◆ GIVEN DATA:
===============
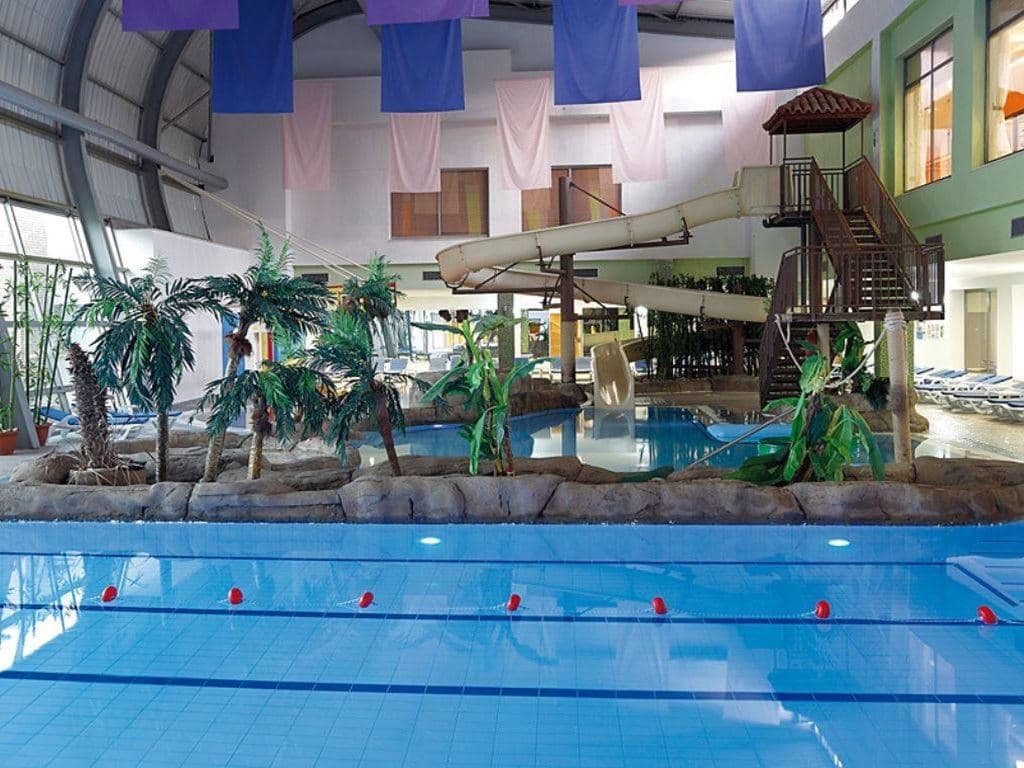 pools-indoor-pool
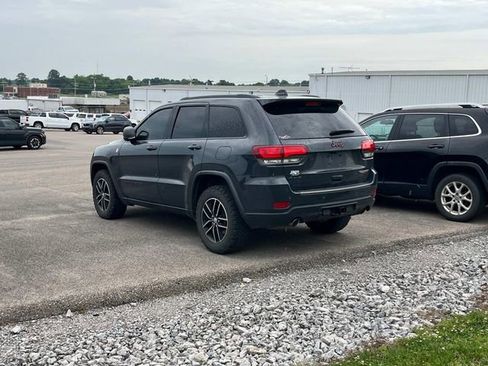 Used 2017 Jeep Grand Cherokee Trailhawk AWD/4WD image 5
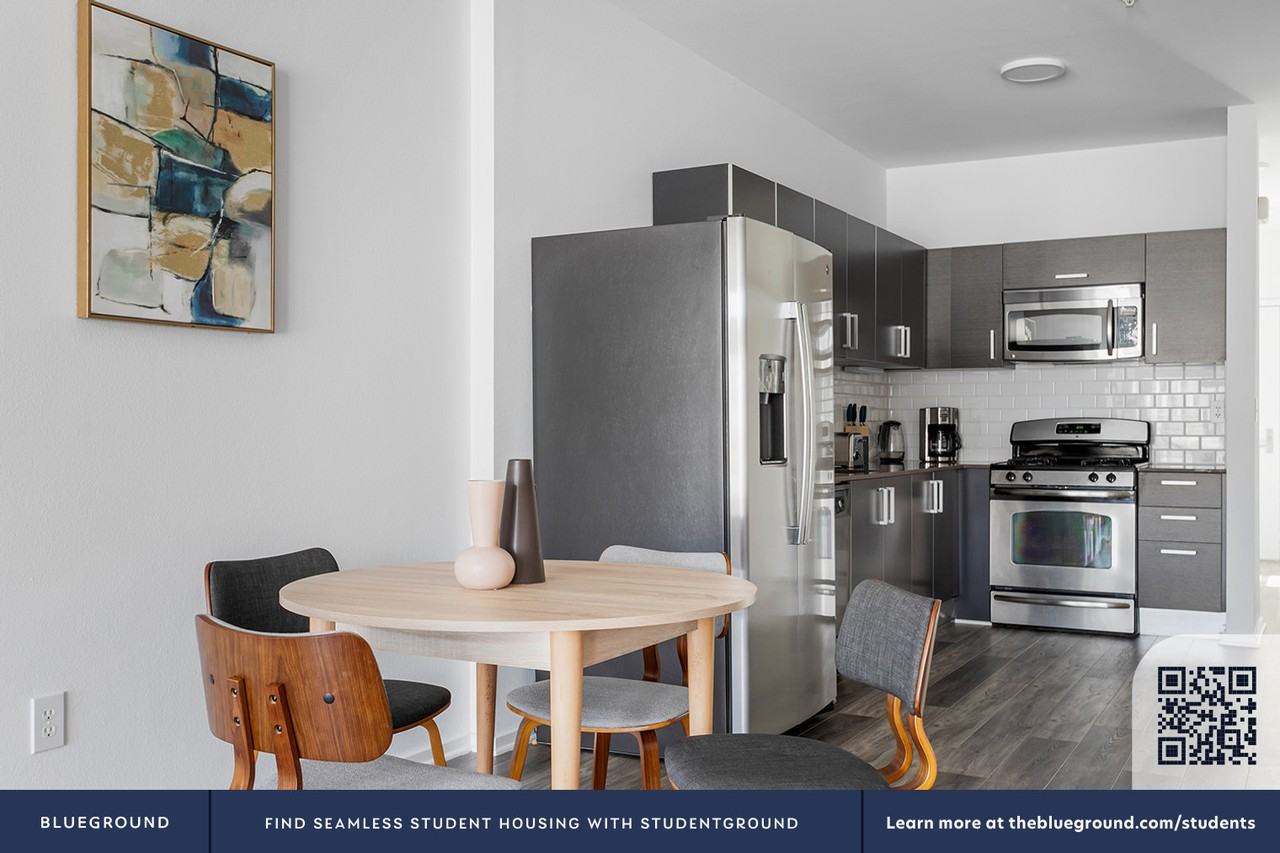 4133 Redwood Avenue - Photo 6 of 47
===============
◆ WORK REQUEST: Your answer should be every line above, written out exactly, with no pictures.

◆ SOLUTION:
 pools-indoor-pool
 Used 2017 Jeep Grand Cherokee Trailhawk AWD/4WD image 5
 4133 Redwood Avenue - Photo 6 of 47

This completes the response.